The strangest thing I saw was “The Jet Benny Show,” a super 8 amateur film that got featured on an episode of the Tarantino/Avary “Video Archives” podcast. I’ve been marathoning these episodes before Stitcher goes bust at the end of the month, and when the boys talk about something strange enough, something I can find, I’ll watch it. Whatever you think of these guys, they have made movies, they know what goes into them, and there were phenomenally impressed by this sci-fi convention bait, which is less fun to watch than it is to describe.

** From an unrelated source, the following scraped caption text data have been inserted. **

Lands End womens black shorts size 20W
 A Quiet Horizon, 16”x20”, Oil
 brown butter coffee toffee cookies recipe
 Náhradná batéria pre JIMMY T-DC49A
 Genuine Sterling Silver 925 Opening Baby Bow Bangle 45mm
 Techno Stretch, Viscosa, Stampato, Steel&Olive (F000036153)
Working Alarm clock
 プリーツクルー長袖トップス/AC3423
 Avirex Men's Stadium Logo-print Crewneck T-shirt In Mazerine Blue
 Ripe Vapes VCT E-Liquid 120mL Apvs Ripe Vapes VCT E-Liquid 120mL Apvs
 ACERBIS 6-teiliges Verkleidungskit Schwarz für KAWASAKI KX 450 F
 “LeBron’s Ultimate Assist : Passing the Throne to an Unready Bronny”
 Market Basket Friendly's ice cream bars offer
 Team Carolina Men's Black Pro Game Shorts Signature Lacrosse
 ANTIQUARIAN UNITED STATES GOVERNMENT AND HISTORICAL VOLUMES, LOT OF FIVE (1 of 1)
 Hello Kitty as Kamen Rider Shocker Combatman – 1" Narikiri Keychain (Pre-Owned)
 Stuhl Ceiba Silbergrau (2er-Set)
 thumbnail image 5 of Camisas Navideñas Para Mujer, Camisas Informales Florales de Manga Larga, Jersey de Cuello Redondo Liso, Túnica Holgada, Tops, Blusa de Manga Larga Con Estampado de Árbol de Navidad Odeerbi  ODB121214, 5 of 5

Okay, I’ll describe it. We open on a loving parody of a Jack Benny show, starring TK – who would never act again – as Benny DNA-fused with Paul Lynde. There’s a hard cut to a spaceship, the TK, where Benny is playing his violin (commitment to the bit!) until an accident knocks him off course. This is Jet Benny, a “famous lost space pilot” who gets stranded on a barely-inhabited planet with his robot sidekick Rochester. (More impressive commitment to the bit, turning Benny’s black valet into a subservient, bumbling machine with a blaccent.) All I can recommend is this short compilation of goofy nonsense, it’ll save you time.
The Best Thing I Heard. Song Exploder’s episode about Khraungbin’s “So We Won’t Forget,” the song we played at our wedding when my wife and I re-entered after the photo shoot. This band, and song, was her discovery, and I only realized how popular it was until she bought tickets for the third of five nights they played at The Greek. This show doesn’t always hit for me, but when a band can articulately talk through everything that went into the composition, I can put up with the closing ad copy about veggie burgers.
Sorry for the delay — less zipping around this week, so I’ll try to get back to the Sunday schedule.